The WPJ

Q & A with Dottie Herman

» Featured Columnists | By Dottie Herman | February 18, 2011 9:00 AM ET



Q1 - My wife and I just saw a home in New Jersey that we are very fond of. We are unsure how to make the first offer. Do you have any suggestions? We are afraid to make an offer under the asking price as we do not want to insult the homeowner.

A -  As a prospective purchaser, you should have a good idea from the comparables you've seen and the data available to you on-line and from the real estate professional you are working with, if the asking price is in-line. If priced correctly, you may not want to risk losing it, if over-priced, submit your offer, in writing, and explain how you arrived at that number so that the Seller has a basis to counter. Also include in your offer you're the specifics of why you're a more qualified buyer than someone else. For example, you already have been pre-approved for a mortgage or you are willing to close as soon as possible on the property if that is a term and condition of the sale.

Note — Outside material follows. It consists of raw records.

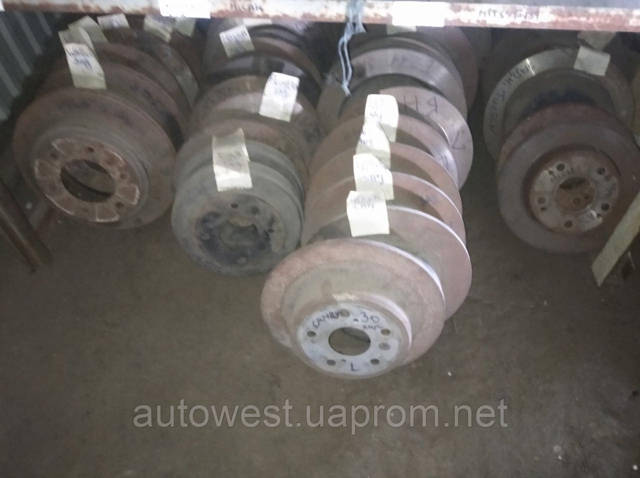 HYUNDAI 584112F100 Disco de freno trasero  disponible España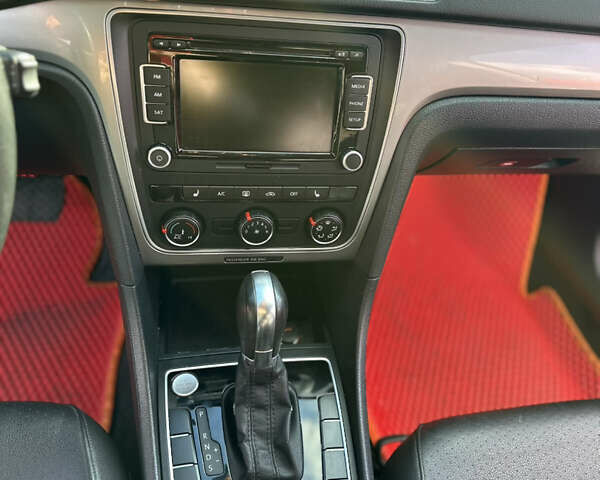 Червоний Фольксваген Пассат, об'ємом двигуна 1.8 л та пробігом 160 тис. км за 10800 $, фото 14 на Automoto.ua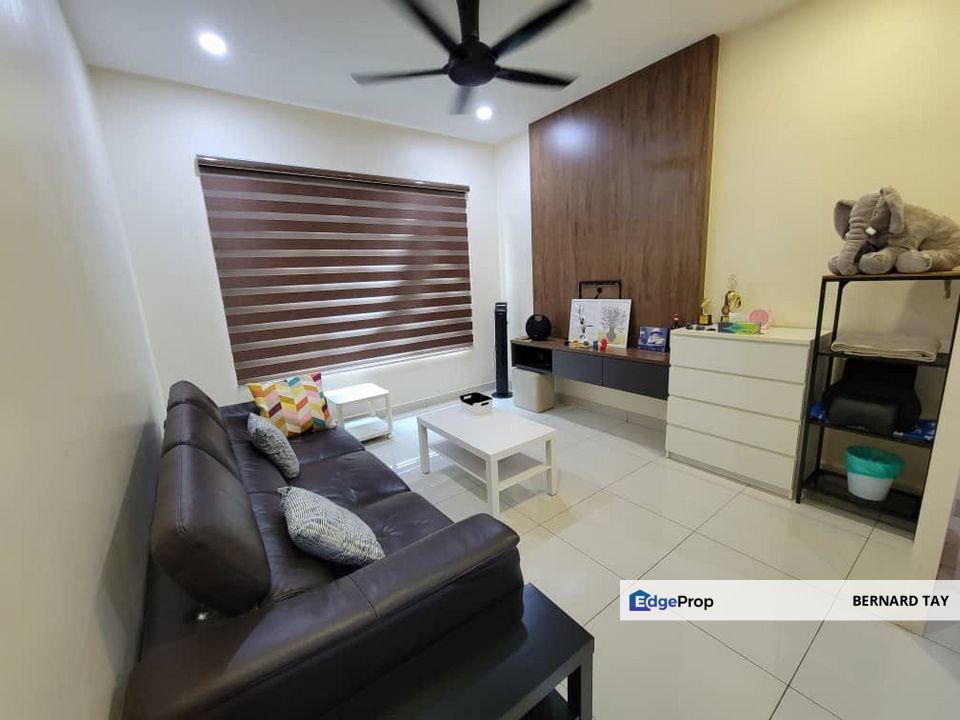 Partially Furnished 3 Rooms Condo MRT La Thea Residences 16 Sierra Puchong South For Sale, Selangor, Puchong South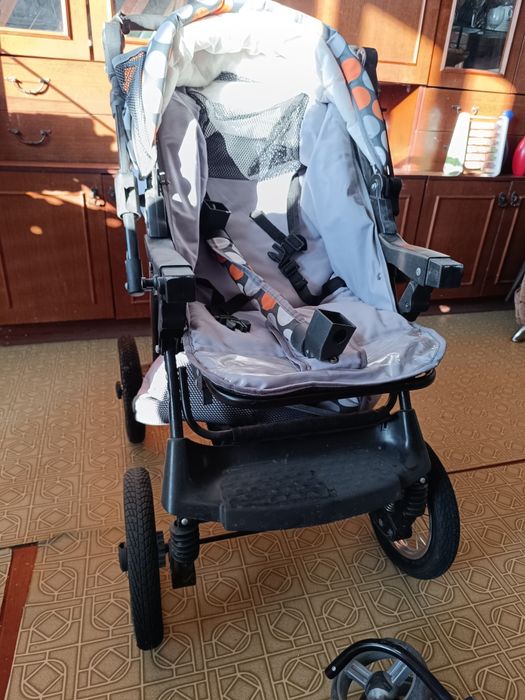 Продам 2 коляски б/у!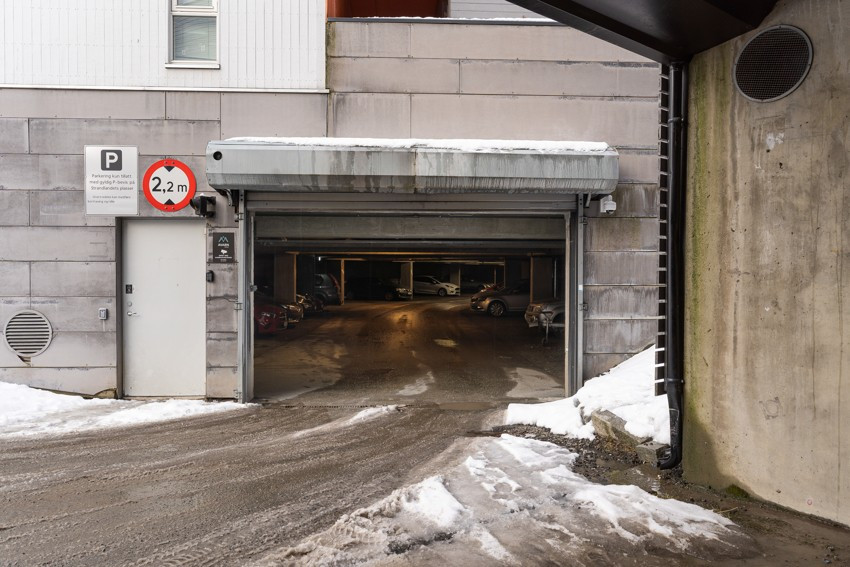 Garasjen har elektrisk port med portåpner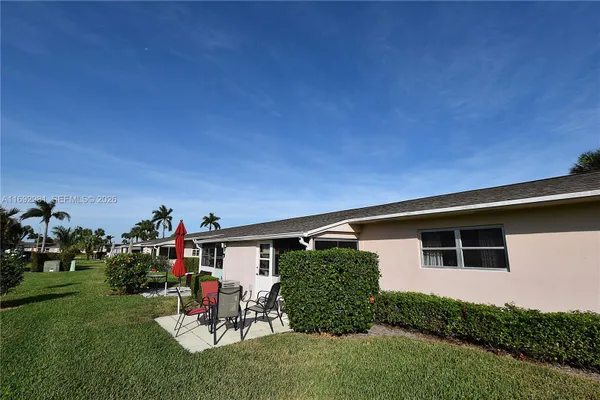 Property Slideshow image 3 of 38 | 2688 dudley dr h, West Palm Beach, FL, 33415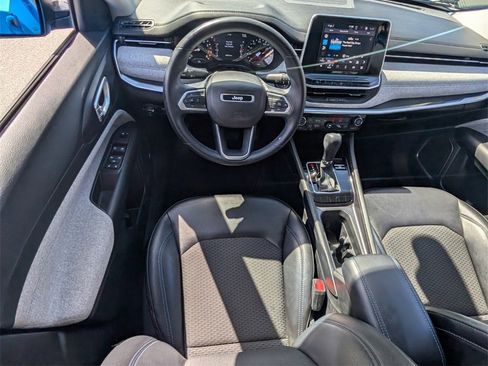 Used 2022 Jeep Compass Latitude w/ Convenience Group image 13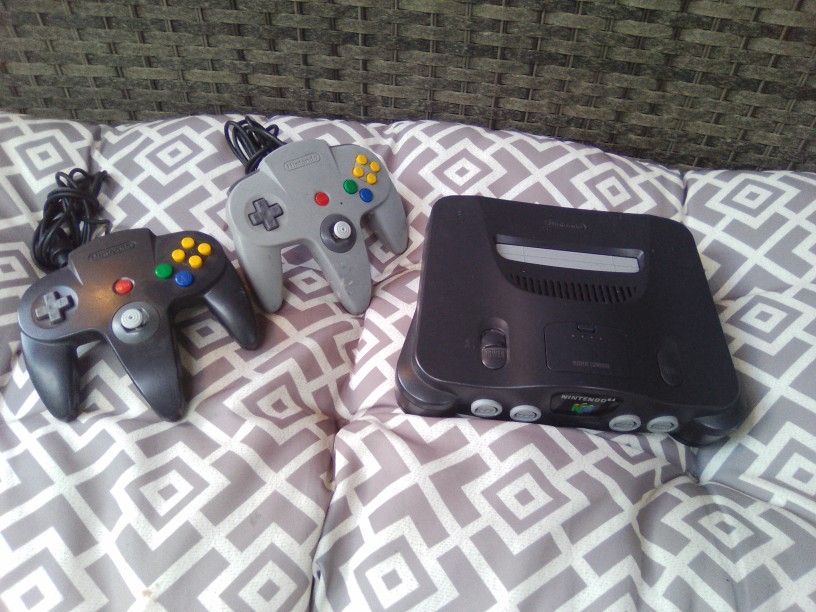 Nintendo 64 W/2 Controllers *No Power Or Av Cord*
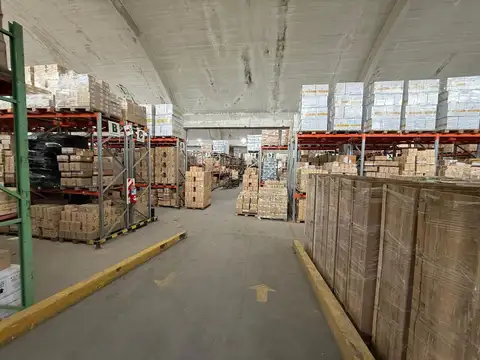 CENTRO DE DISTRIBUCIÓN EN VENTA | 5.080 m² CUBIERTOS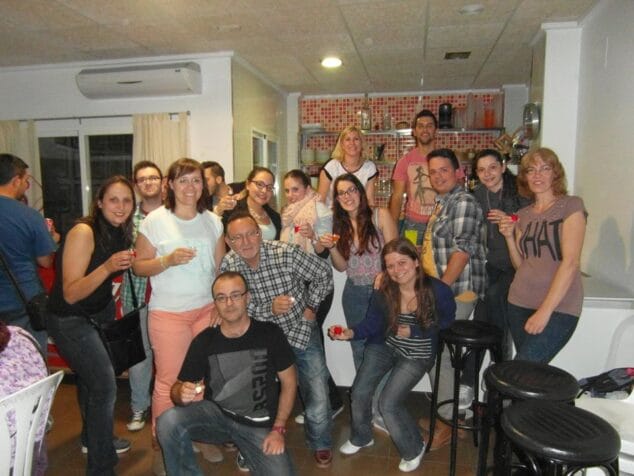 El casal de Les Roques sigue abriendo sus puertas los viernes 5 Fiesta en el casal de Les Roques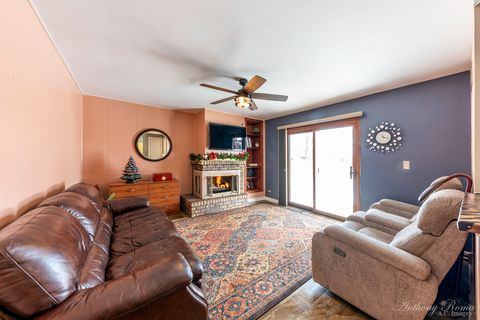 Tiny photo for 533 N Beck Road, Lindenhurst, IL 60046 (MLS # 12626106)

Q2 - I recently started a new job. I get paid on commissions and I am not a salaried employee. Although my wife is currently employed, I just started working after being unemployed for a few months. How long do I have to wait to qualify for a mortgage?
 
A - Lenders require a minimum of two years' history for variable income such as commission, bonus, and overtime. In addition they average the last two years to determine the allowable income for qualifying. This means that if you make $50,000 one year and $100,000 the next year the lender will use the average of $75,000 as your income. You must also be careful if the income goes down year over year as a lender will not include or reduce the allowable income further if they see it maybe less in the future. The exception to this is if you have changed jobs in the same field doing the same work and have a prior history of working on commission - in this case most lenders will consider this consistent and use the income from the prior employment as well. So this is a challenge if you have just started your job on commission. Let me remind you of one last item that often impacts those on commission when applying for a mortgage. Commission income often has expenses or "write offs" against it for business expenses, so please keep in mind that your income will be determined as the net amount listed as adjusted gross income on your income tax form - the average for two years. Unless your wife's' income is enough to qualify for the mortgage, you may need to wait until you have enough "usable" income from your job.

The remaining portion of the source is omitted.